Die spielerische Leistung war auf Grund fehlender gründlicher Ausbildung meist durchwachsen und auch Fairness war für manchen Spieler noch ein Fremdwort. Selbst die Kommunikation zwischen Vereinen und Kreissportbund einerseits und der Vereine untereinander andererseits war schwerfällig. Rivalitäten zwischen den Vereinen waren gang und gäbe. Die Schiedsrichter waren häufig einfach überfordert und nicht selten selber Ziel von Attacken durch Spieler oder Zuschauer. Kam man als Spieler den gegnerischen Fans zu nahe, konnte man durchaus schon mal schmerzhafte Bekanntschaft mit dem Handstock machen! Dennoch war man in Andervenne glücklich und stolz, auch einen Fußball-Verein zu haben, denn nun mischte man mit im Kreis der neu geschaffenen Fußball-Ligen. Dass dabei sicherlich mehr der Kampfgedanke überwog als technische und konditionelle Fertigkei-ten, ist wohl verständlich und wird auch durch Urteile des Sportgerichts bezeugt.

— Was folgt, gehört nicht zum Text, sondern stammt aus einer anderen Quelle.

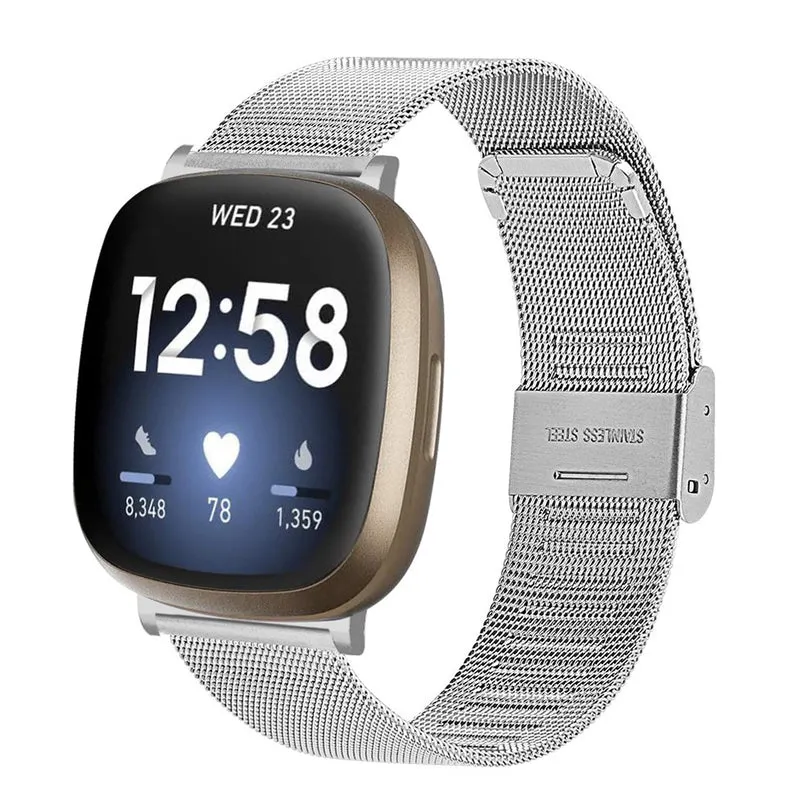 Sehr cool Fitbit Versa 3 / Fitbit Sense Metall armband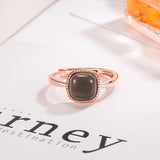 Female Smoke Purple Artificial Jade Food Ring – Gifts for Her — 2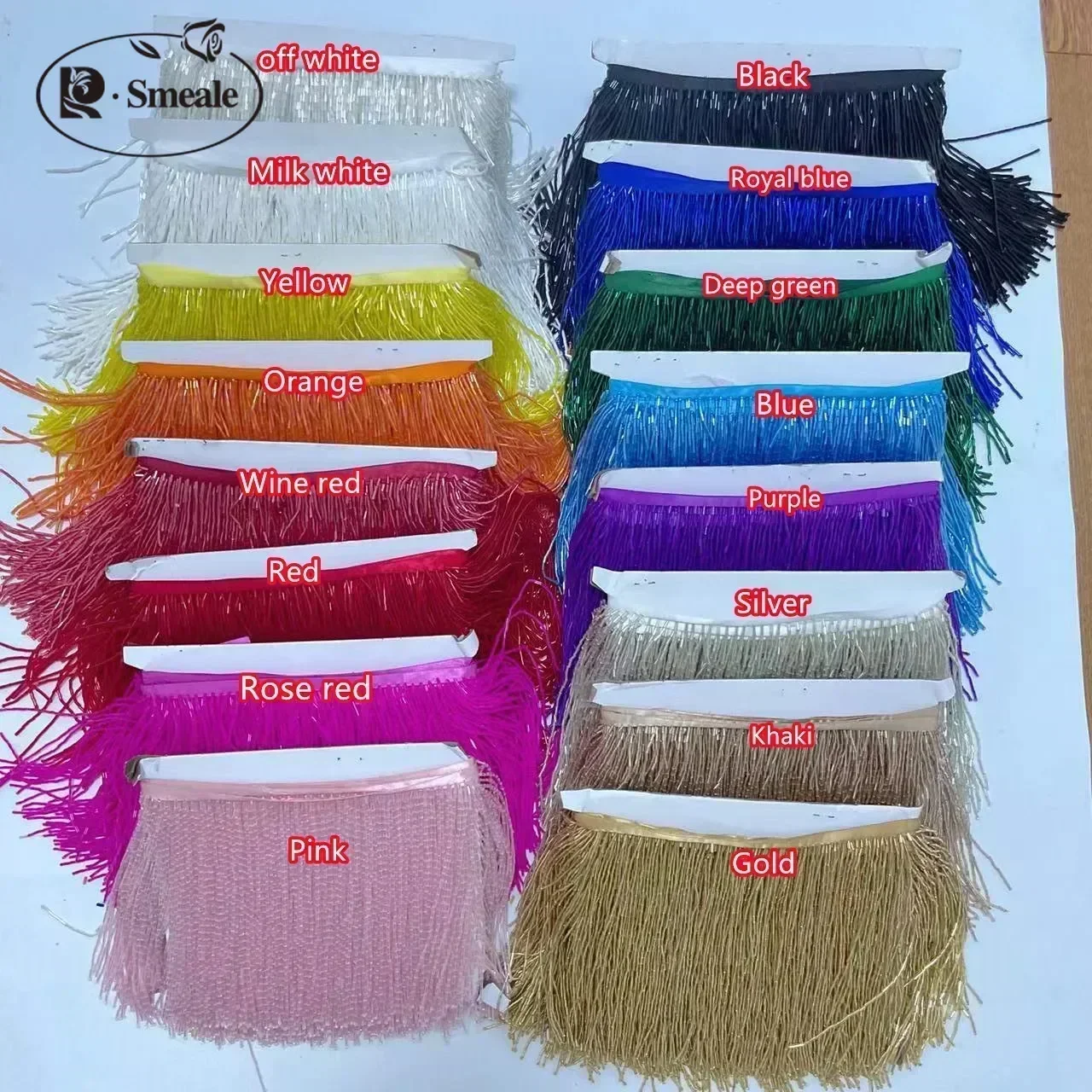 Hochwertige handgefertigte Perlen, 15 cm Breite, Röhrenquaste, Kleid-Accessoires, Spitzenbesatz, Hochzeits- und Abendkleid, Perlendekoration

Bis in das Jahr 1952 ist die Geschichte des Sportvereins belegt; dann erfolgte seine Auflösung. Wenngleich dafür keine genauen Gründe bekannt sind, so dürfte u.a. wohl die Nähe größerer, damit attraktiverer Vereine eine Ursache dafür gewesen sein. Außerdem schieden einige Leistungsträger aus Altersgründen, durch Wegzug oder aufgrund von Verletzungen aus, so dass der ordentliche Spielbetrieb weder zahlen- noch leistungsmäßig aufrecht erhalten werden konnte. Es bleibt aber letztlich das positive Fazit, dass sich vor ca. 65 Jahren unter schwierigen Bedingungen Sportinteressierte zusammenfanden, die mit viel Idealismus und Einsatz den Sportverein Heidekraut Andervenne aus der Taufe hoben und ihn gemeinsam einige Jahre lang mit Leben erfüllten. Neben den sportlichen Erfolgen und Niederlagen war es gerade auch die erlebte Kameradschaft und Geselligkeit, die die Sportler hier suchten und auch fanden. So ist auch die Aussage eines Fußballers „der ersten Stunde“ verständlich, der seine Erinnerungen so zusammenfasste:
„Et wör ´ne schöne Tied un et göng immer wieder Baig up!“.